Mateusz Bagiński comments on Five Hinge‑Questions That Decide Whether AGI Is Five Years Away or Twenty

Mateusz Bagiński 7 May 2025 10:28 UTC
4 points
1
I think the author meant that they achieve higher scores on the FrontierMath benchmark.
- O O 9 May 2025 16:02 UTC
  2 points
  1
  Parent
  Do they? I thought they do well on the easier section
  - RogerDearnaley 26 May 2025 3:50 UTC
    2 points
    0
    Parent
    Terrence Tao (who should be position to know) was involved in evaluating the o1 model (which is by now somewhat dated). In the context of acting as a research assistant, he described it as equivalent to a “mediocre but not entirely incompetent” graduate student. That’s not “better than basically all human mathematicians” — but it’s also not so very far off, if it’s about as good as the grade of gradate students that Terrence Tao has access to as research assistants.

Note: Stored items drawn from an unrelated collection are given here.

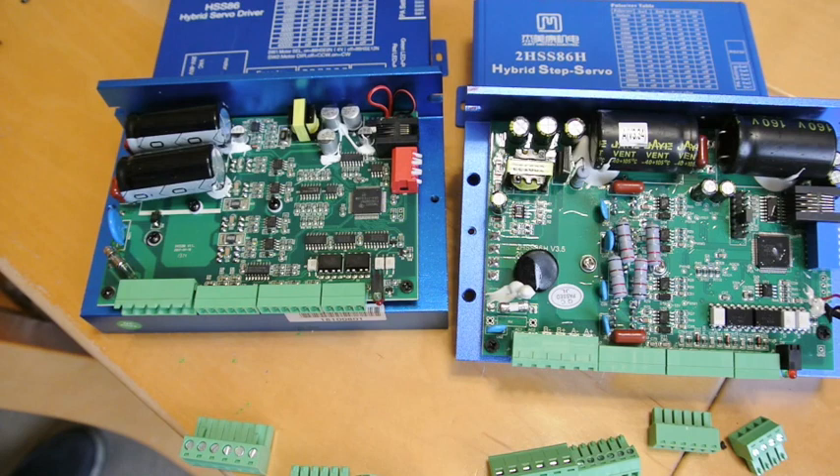The motors all appear to be Leadshine motors as far as I can see, and they all seem to be the same motor, so that shouldn't present a problem. Keeping one of them as a spare is a good idea. I noticed that Leadshine on their website has quite a lot of information about legacy products, which is a sign that they expect things to go out of use.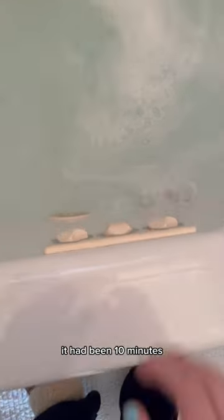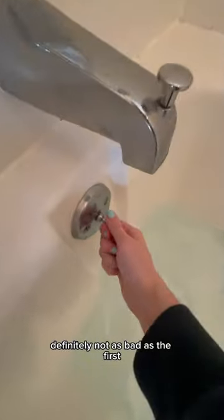This is what it looked like when I came back. In person, you could see that there was a lot of black stuff floating around in there. But at this point it had been 10 minutes, and I'd given the bleach plenty of time to do its job. This is the water after I cut the jets off — definitely not as bad as the first video, but still not clean enough for me.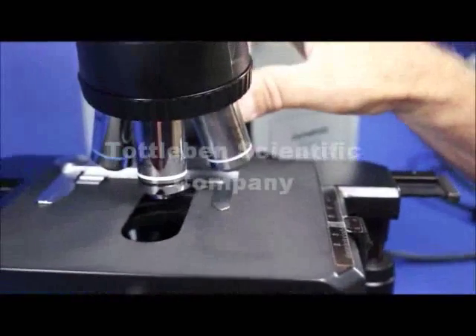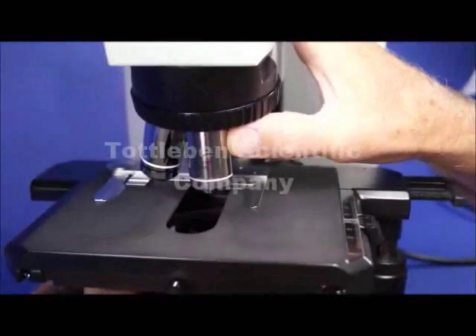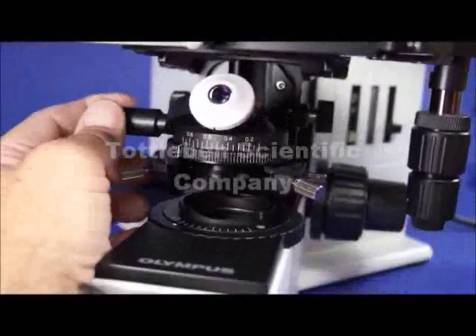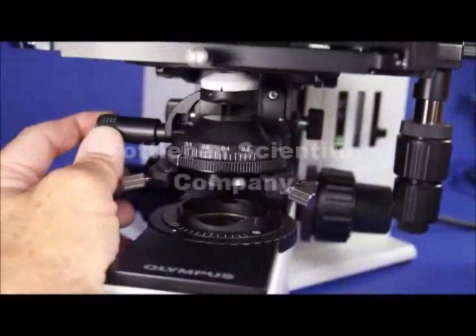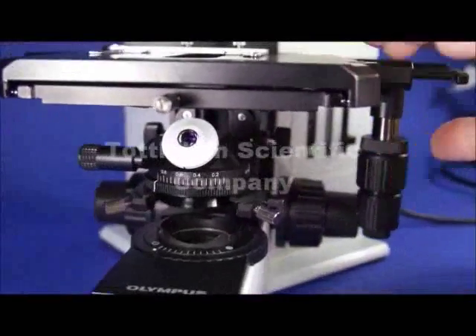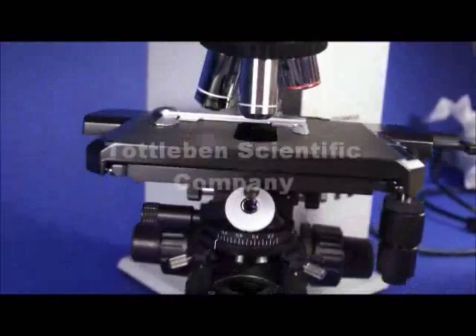Whenever you're using the 2x lens, we're going to show you exactly what you need to do with this condenser. This condenser needs to be flipped out — it's got a flip-top condenser. The reason you flip it out is because you have such a large field with the 2x lens, you want to fill the whole field so that you can see an entire field all at once.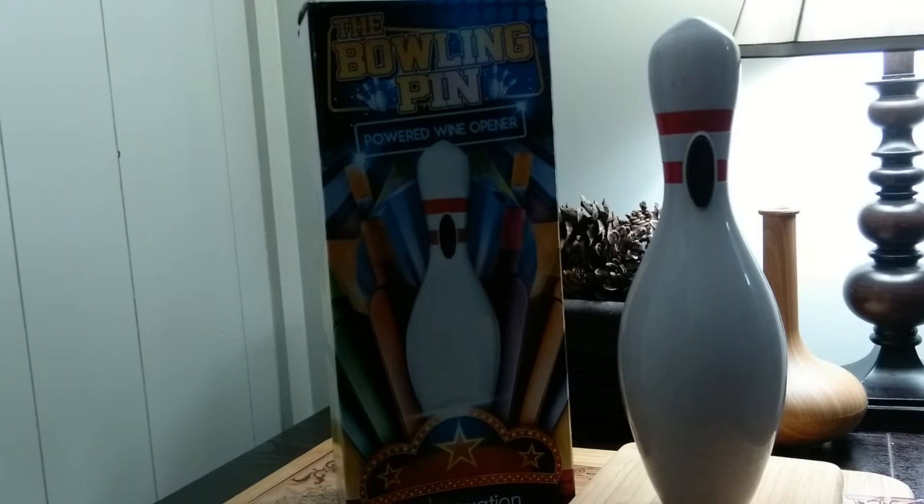Why are all powered wine bottle openers so boring? Well, not anymore. The Bowling Pin wine opener from Wine Ovation takes wine opening to a whole new level. A good bartender always abides. Rest assured, the Bowling Pin wine opener will be a huge hit at your next party or wine tasting event.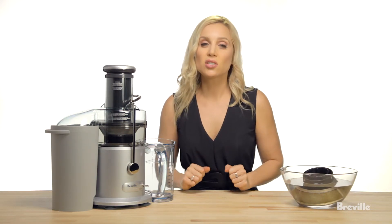Juicer baskets do need to be replaced over time. The average lifespan is about 9 to 12 months, depending on the frequency of use. To purchase a new filter, visit BrevilleUSA.com or give us a call directly.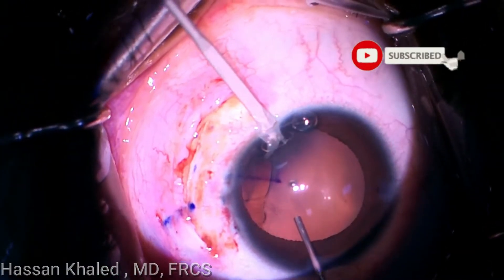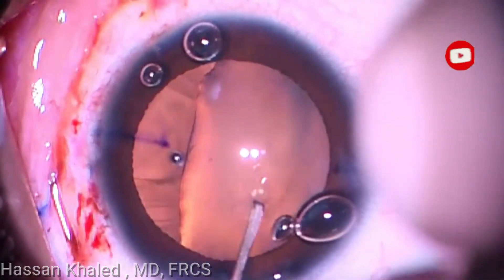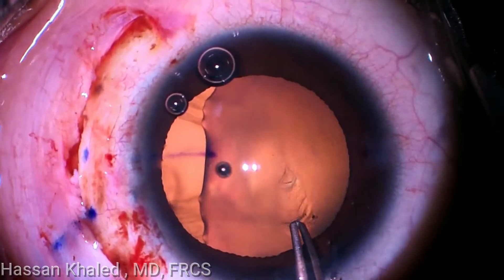Filling the anterior chamber with dispersive OVD. Then a cystotome is used to create a flap in the anterior capsule, and a well-sized capsulorhexis is done.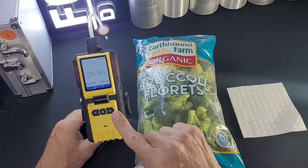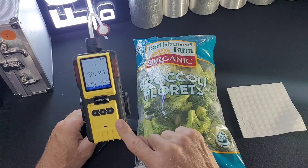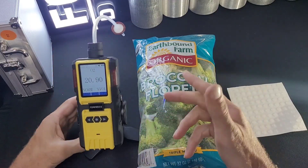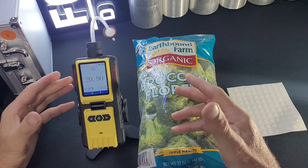This is our FD-600-02 Headspace Analyzer. It is sitting on our gas detector stand. It's quite nice, especially for the food industry where it can be hands-free. It's very strong, heavy, and stable.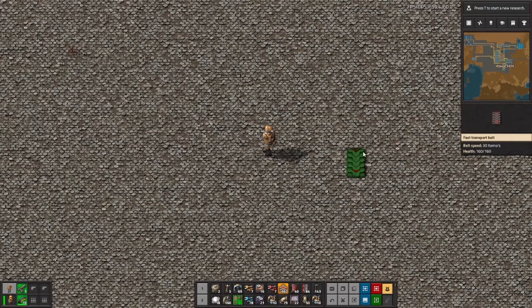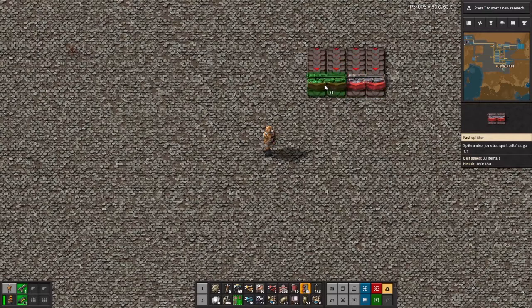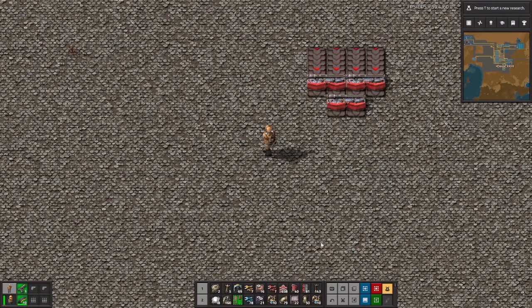So the first thing we'll need, as usual, is the appropriate number of belts — in this case that's four. Under them we'll place three belt splitters like so.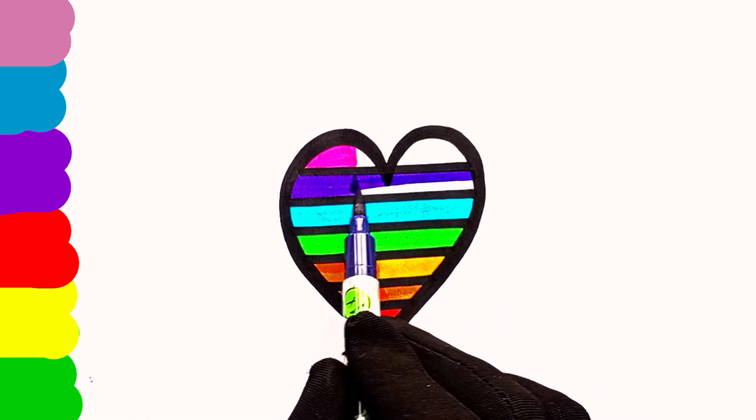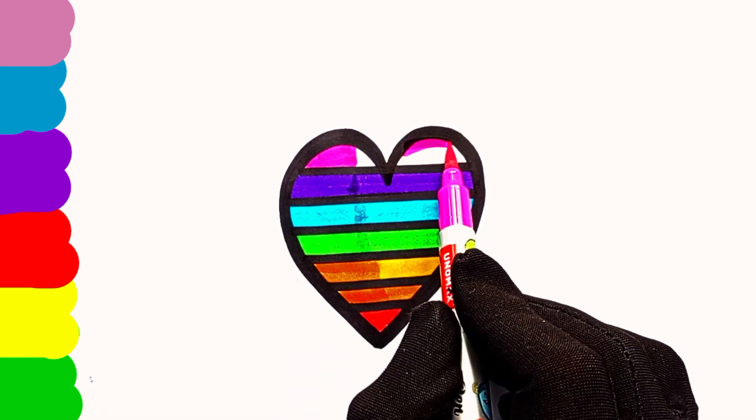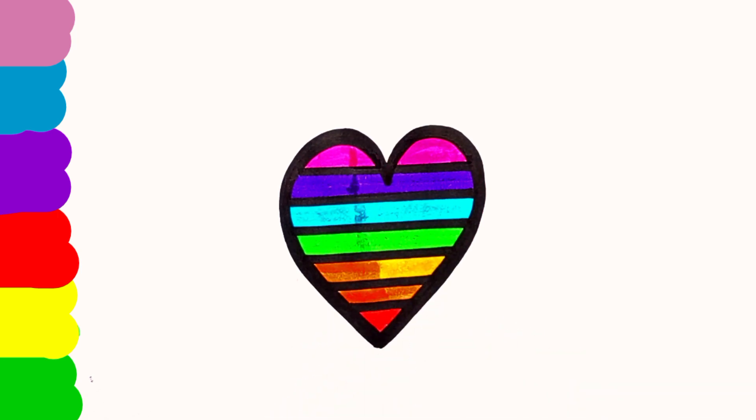And so the teacher turned it out, turned it out.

    - Mo Putera 26 May 2025 4:21 UTC
      5 points
      3
      Parent
      To add a bit of nuance/context, here’s what Tao said:
      In https://chatgpt.com/share/94152e76-7511-4943-9d99-1118267f4b2b I gave the new model a challenging complex analysis problem (which I had previously asked GPT4 to assist in writing up a proof of in https://chatgpt.com/share/63c5774a-d58a-47c2-9149-362b05e268b4 ). Here the results were better than previous models, but still slightly disappointing: the new model could work its way to a correct (and well-written) solution *if* provided a lot of hints and prodding, but did not generate the key conceptual ideas on its own, and did make some non-trivial mistakes.
      The experience seemed roughly on par with trying to advise a mediocre, but not completely incompetent, (static simulation of a) graduate student. However, this was an improvement over previous models, whose capability was closer to an actually incompetent (static simulation of a) graduate student.
      It may only take one or two further iterations of improved capability (and integration with other tools, such as computer algebra packages and proof assistants) until the level of “(static simulation of a) competent graduate student” is reached, at which point I could see this tool being of significant use in research level tasks. (2/3)
      More on the “static simulation” part:
      I am belatedly realizing that in my attempts to describe my evaluation of the capability of an AI tool, I inadvertently gave the incorrect (and potentially harmful) impression that human graduate students could be reductively classified according to a static, one dimensional level of “competence”. This was not my intent at all; and I would therefore like to make the following clarifying remarks.
      Firstly, the ability to contribute to an existing research project is only one aspect of graduate study, and a relatively minor one at that. A student who is not especially effective in this regard, but excels in other dimensions such as creativity, independence, curiosity, exposition, intuition, professionalism, work ethic, organization, or social skills can in fact end up being a far more successful and impactful mathematician than one who is proficient at assigned technical tasks but has weaknesses in other areas.
      Secondly, and perhaps more importantly, human students learn and grow during their studies, and areas in which they initially struggle with can become ones in which they are quite proficient at after a few years; and personally I find being able to assist students in such transitions to be one of the most rewarding aspects of my profession. In contrast, while modern AI tools have some ability to incorporate feedback into their responses, each individual model does not truly have the capability for long term growth, and so can be sensibly evaluated using static metrics of performance. However, I believe such a fixed mindset is not an appropriate framework for judging human students, and I apologize for conveying such an impression.
      These additional remarks by Tao on long-term growth and non-problem-solving skills relevant to mathematical excellence are what I think of when I consider the hypothetical that math AIs are maxing out FrontierMath Tier 4 and yet still nowhere near revolutionising pure math, which I think is increasingly plausible, cf. all the posts sharing this one’s vibe. (Writing this publicly to revisit in case I’m wrong, which would be great; unlike say Gowers, I do want agentic artificial super-mathematicians of all kinds.)